太陽熱を利用した給湯システムの性能検証、計算モデルの構築、TRNSYSを用いたコンピュータシミュレーションによる導入効果の推定などを行っています。近年は、NEDOの支援を得て、自然循環型太陽熱温水器(太陽熱温水器)、強制循環型太陽熱利用システム(ソーラーシステム)、CO2冷媒ヒートポンプを補助熱源とするソーラーシステムなどの長期実証試験と詳細なシミュレーションの構築・検討を行いました。この成果である、実務者・消費者への情報提供は現在、ソーラーシステム振興協会ホームページで公開されており、近々こちらのダウンロードページからも提供する予定です。

・TRNSYS18を用いたシステムシミュレーションの入門用テキスト(デモバージョンの利用方法含む)をダウンロードページで提供しています。2015年11月に日本太陽エネルギー学会(JSES)の講習会テキストとして作成したものをver.18に改訂したものです。

 

太陽熱温水器の評価・シミュレーション

太陽熱温水器は、太陽熱集熱器と貯湯タンクが一体型になったシステムで、日本では一般に戸建住宅の屋根に設置されます。
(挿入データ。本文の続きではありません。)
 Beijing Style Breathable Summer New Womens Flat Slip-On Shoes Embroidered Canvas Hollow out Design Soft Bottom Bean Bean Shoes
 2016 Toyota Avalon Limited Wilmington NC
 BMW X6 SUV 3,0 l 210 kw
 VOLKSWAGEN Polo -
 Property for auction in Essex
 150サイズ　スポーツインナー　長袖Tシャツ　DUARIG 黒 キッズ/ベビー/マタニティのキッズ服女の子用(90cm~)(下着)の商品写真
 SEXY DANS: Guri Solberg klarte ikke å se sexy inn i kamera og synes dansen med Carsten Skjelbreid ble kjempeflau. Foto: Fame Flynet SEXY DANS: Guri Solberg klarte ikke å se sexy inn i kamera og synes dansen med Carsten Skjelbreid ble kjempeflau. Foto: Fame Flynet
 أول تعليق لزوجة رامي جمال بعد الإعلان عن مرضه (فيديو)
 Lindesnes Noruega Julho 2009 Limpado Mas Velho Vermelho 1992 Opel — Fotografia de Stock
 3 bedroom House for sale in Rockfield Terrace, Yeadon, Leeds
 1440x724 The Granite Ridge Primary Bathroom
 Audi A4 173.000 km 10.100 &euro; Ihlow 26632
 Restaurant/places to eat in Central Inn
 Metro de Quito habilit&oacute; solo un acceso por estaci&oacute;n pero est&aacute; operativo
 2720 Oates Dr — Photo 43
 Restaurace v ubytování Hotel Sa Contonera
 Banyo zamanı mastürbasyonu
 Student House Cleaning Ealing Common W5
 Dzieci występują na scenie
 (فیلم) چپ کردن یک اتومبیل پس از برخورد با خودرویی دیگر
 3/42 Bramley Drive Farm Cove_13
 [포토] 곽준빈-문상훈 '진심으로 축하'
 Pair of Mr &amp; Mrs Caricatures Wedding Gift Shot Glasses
給水圧力を使って上水をそのまま貯湯タンクにためておくと、日中に太陽熱があたり、自然循環流が発生し、タンク内の水温が上昇します。主な用途は風呂の湯張りで、重力によりそのまま屋根の上から風呂に落水するため、給水・給湯のためのポンプが必要ありません(電気を使いません)。集熱媒体が水であることから、冬期の凍結がネックですが、そもそもまったく電力を必要としないため、極めてエコロジーなシステムです。

研究室では、TRNSYS18を用いた精度よいシミュレーションが構築されています。

 

 

ソーラーシステムの評価・シミュレーション

ソーラーシステムは、太陽熱集熱器は屋根の上に、貯湯タンクは地上に設置するタイプのシステムです。タンクより高いところに集熱器があるため、集熱媒体(不凍液)を持ち上げ、循環させなくてはいけません。このような、搬送動力に外部動力を必要とするシステムを強制循環型と呼びます。集熱器とタンクを分離しているので、それぞれの大きさは任意で、とくに、タンク容量を大きくできるのは屋根荷重が気になる太陽熱温水器にはない協力なメリットです。集熱ポンプの消費する電力は、得られる太陽熱のエネルギーに比較するとごく小さいものです。

一般的には、補助熱源にガス給湯器を用います。不足する熱量を追い焚きしてくれるイメージです。電気(ヒートポンプ)を用いるシステムは、現在は夜間電力を利用して予めタンク内の一部分を沸き上げておく方式ですが、天候予測の困難さ、蓄熱時間の延長、低い外気温度でのヒートポンプの稼働、など多くの理由により、効率は高くありません。今後、夜間電力ではなく、ガスと同様に、不足する熱量のみを昼間にヒートポンプで沸き上げる使い方が普及すると予測されます。

研究室では、TRNSYS18を用いた精度よいシミュレーションが構築されています。